A best practice improves accountability of service providers towards transparency of strategies and economics of implementation besides developing trust, loyalty and reciprocity in the social ethos of governance.

Best Practice Discourse

Evaluating best practices has evoked much concern, appreciation and discomfort amongst scholars and practitioners alike. A simple idea backed by a passionate leadership, compelling demand and a committed executive may help toss a success story in some situations while it may not do so in others. Moreover, the word ‘best’ in itself possesses a hazy interpretative rationale which may differ in different perspectives of evaluators. Yet it is an undeniable fact that Administrative practices need to be evaluated and its impact upon people and their lives need to be assessed. Nevertheless, it needs a starting point which is safely offered by the evaluation of the so far rated ‘best’ practices without impinging upon the good and the failed ones which would reach GKC through its website open communication. Any evaluation of an administrative practice is a prelude to an accountable and transparent administration.

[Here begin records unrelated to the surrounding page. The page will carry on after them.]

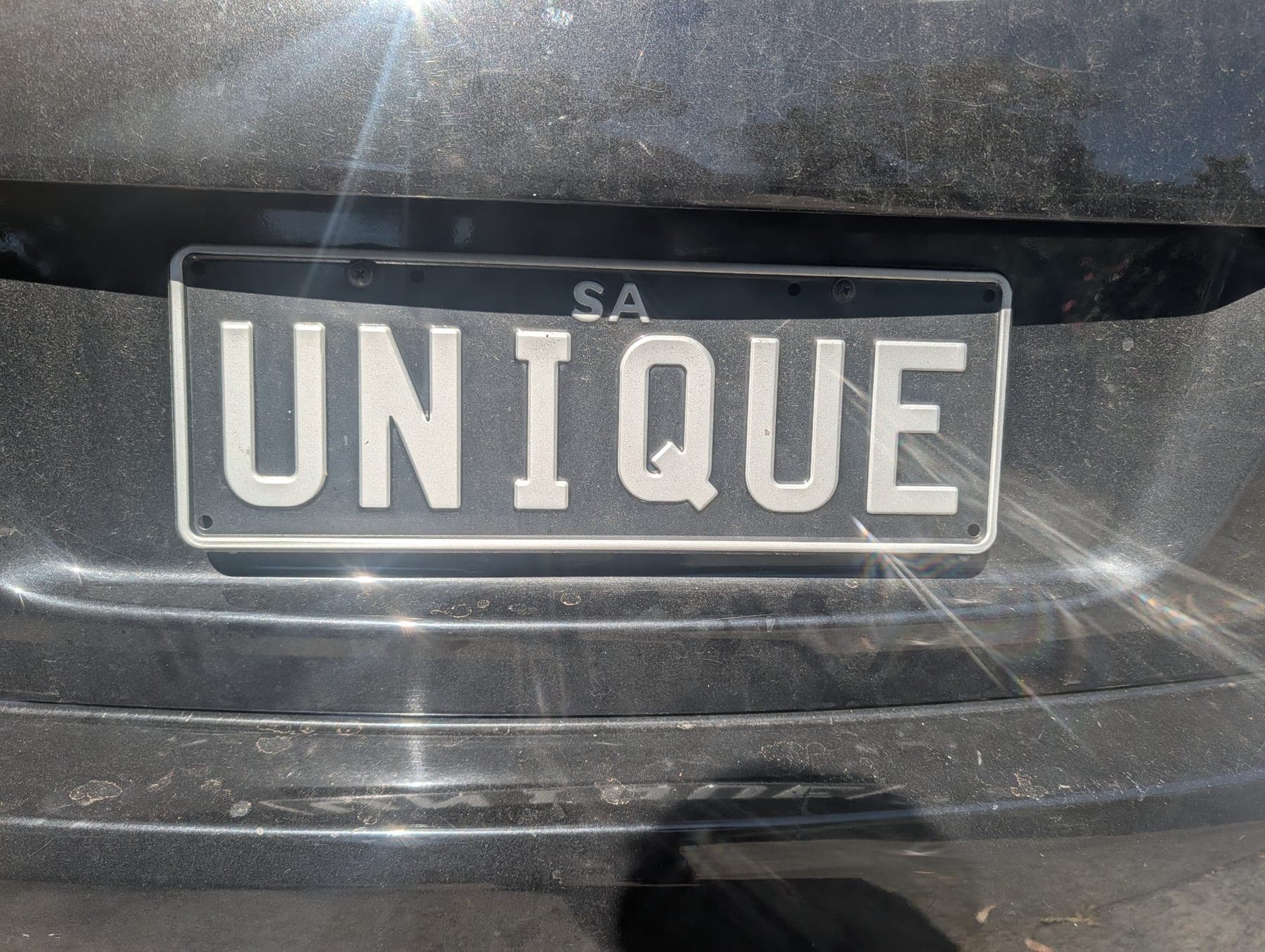 UNIQUE photo 1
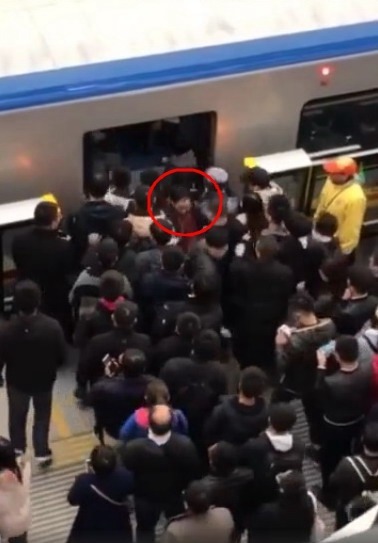 北京地鐵遇人潮湧入車廂！落車男經歷「絕望 13 秒」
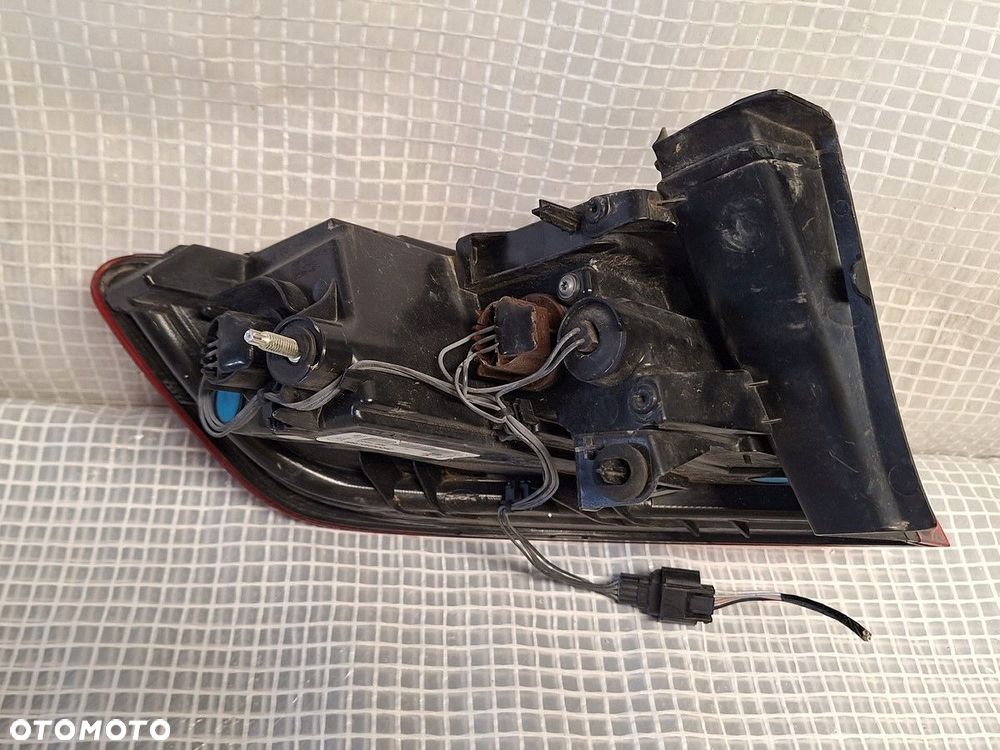renault megane 4 IV hb 16-20 lampa tyl prawa europa orginalna demontaz - 4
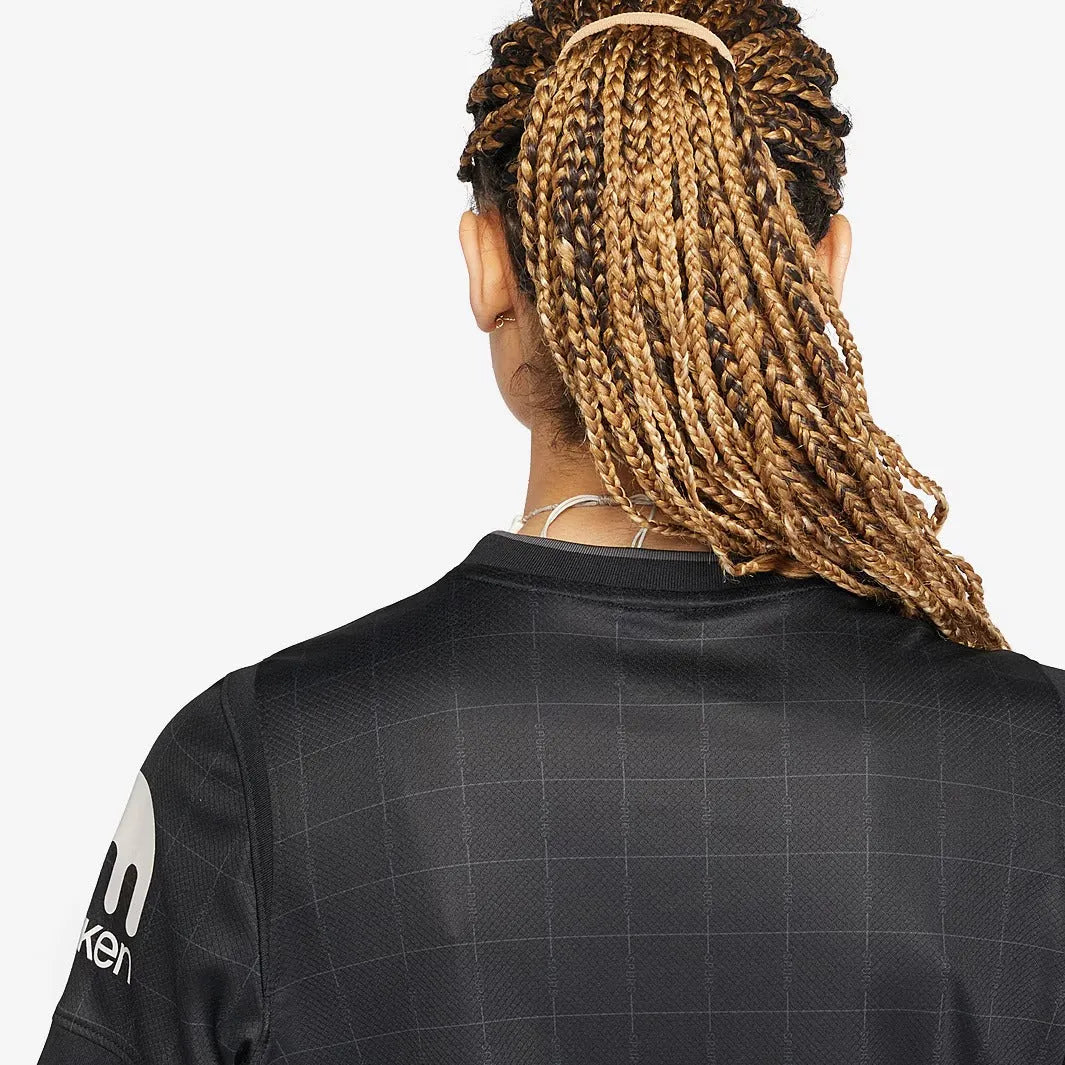 Camisa Feminina Nike Tottenham 2025/26 II Torcedor, Camisas de Futebol, PIQUE DE JOGADOR, FICHA TÉCNICA Composição: 100% PoliésterGênero: FemininoIndicada para: Jogo/CasualGênero: MasculinoEscudo: EmborrachadoOrigem: ImportadoManga: Curta-PIQUE DE JOGADOR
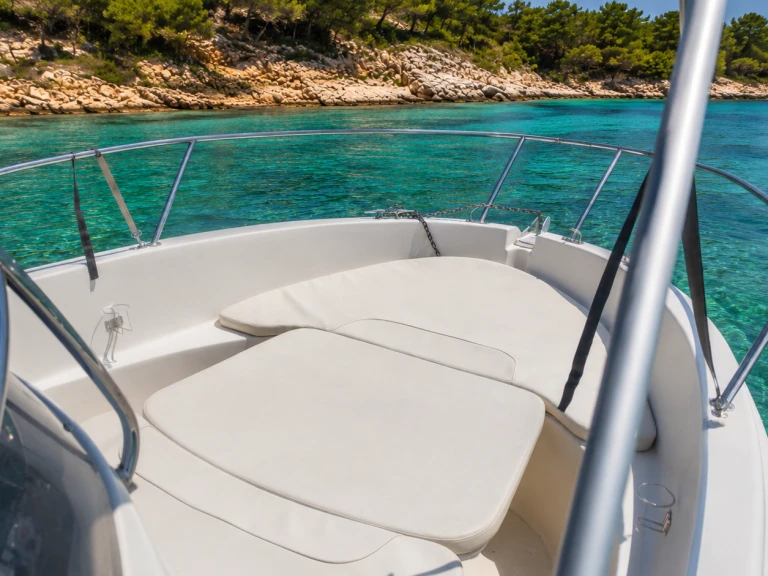 Location bateau Jeanneau Cap Camarat 545 CC à Sainte-Maxime sur Samboat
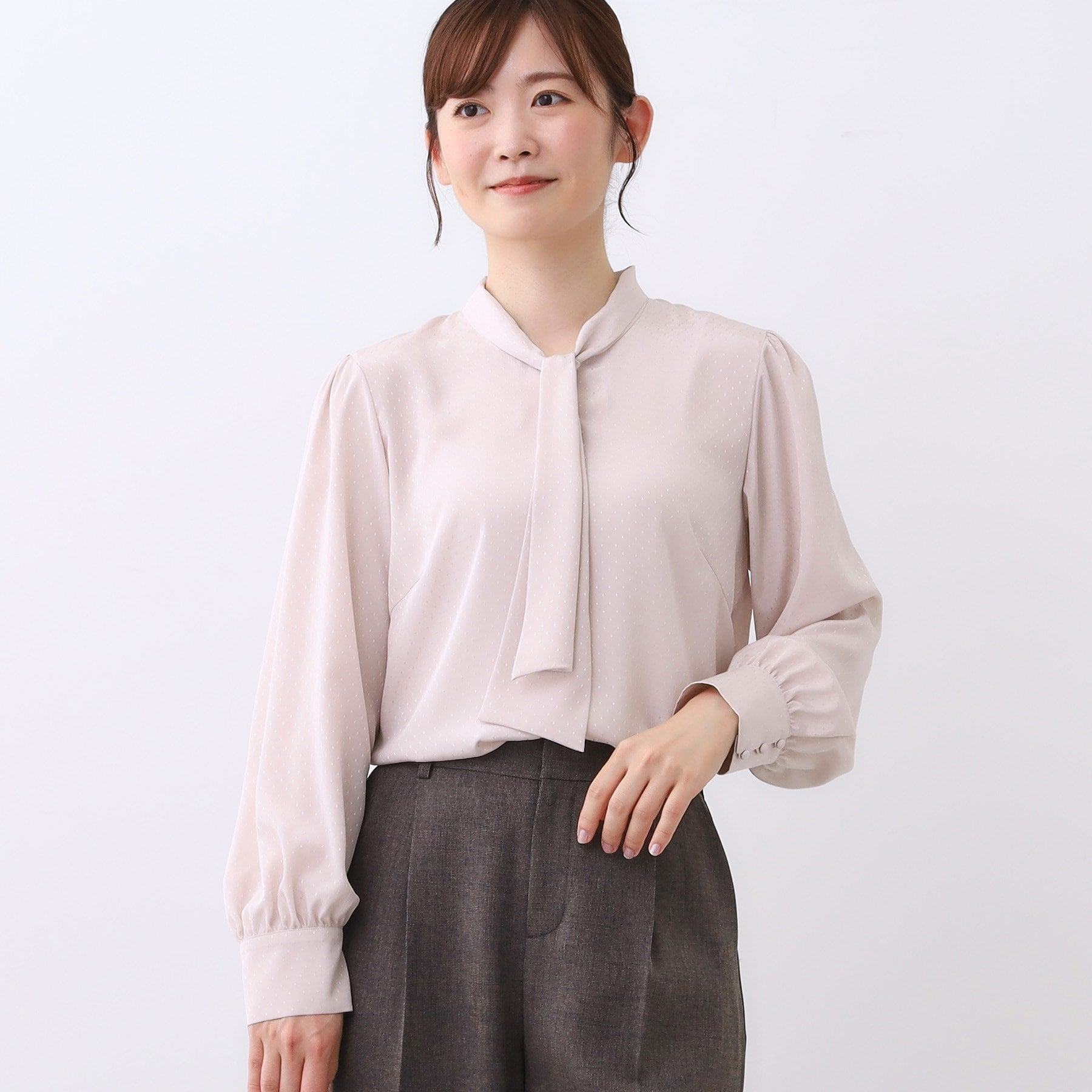リフレクト Reflect 【きちんと見え／通勤／セレモニーにおすすめ◎】ドット柄ボウタイブラウス （ネイビー(094)） ネイビー(094)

Lately,  public sector has transformed significantly but beyond those who study administrative processes this has gone unnoticed by most citizens. These processes have brought the ‘Three Rs’ of recognition, replication and research. Evaluation of best practices is all about disseminating ideas on small efforts which carry a culture of innovation and a desire for changing lives.

There are various titles to ‘administrative innovation’ such as ‘New Public Management’(Hoods and Jackson 1991), ‘Reinventing Government’(Osborne and Gaebler), ‘Administrative Reforms’ ( B.Guy Peters) to a ‘Global Management Revolution’ (Donald Kettl). It has taken to many terms for expressing service delivery systems such as an ‘entrepreneurial government’ , ‘accountable governance’, ‘public-private partnership’ and ‘participatory governance’. The bane of public administration research has been its focus upon macro level institutions at the cost of micro level initiatives and grassroot activism in service delivery systems which had the potential of changing systems of governance across the country.

The critiques of research in micro level experiments  are many. Scholars such as Lynn Jr (1996) and Overman Boyd (1994) have criticized it as a ‘hostage to best practices tradition’, with all its associated limitations of being unreliable, unstable and insufficiently analyzed as possible models. As Stanford Borins in Innovations in Governance (2008) a research publication of the Ash Institute of Democratic Governance at the Kennedy School of Government at the Harvard University suggests; there are three main critiques of ‘best practice research’ in governance,

  1. It rarely attempts to verify self-reported claims,
  2. Organizations lauded for best practices today may without warning fail tomorrow
  3. Best practices research focuses solely upon the characteristics  of successful organizations rather than comparing the mediocre and the failing.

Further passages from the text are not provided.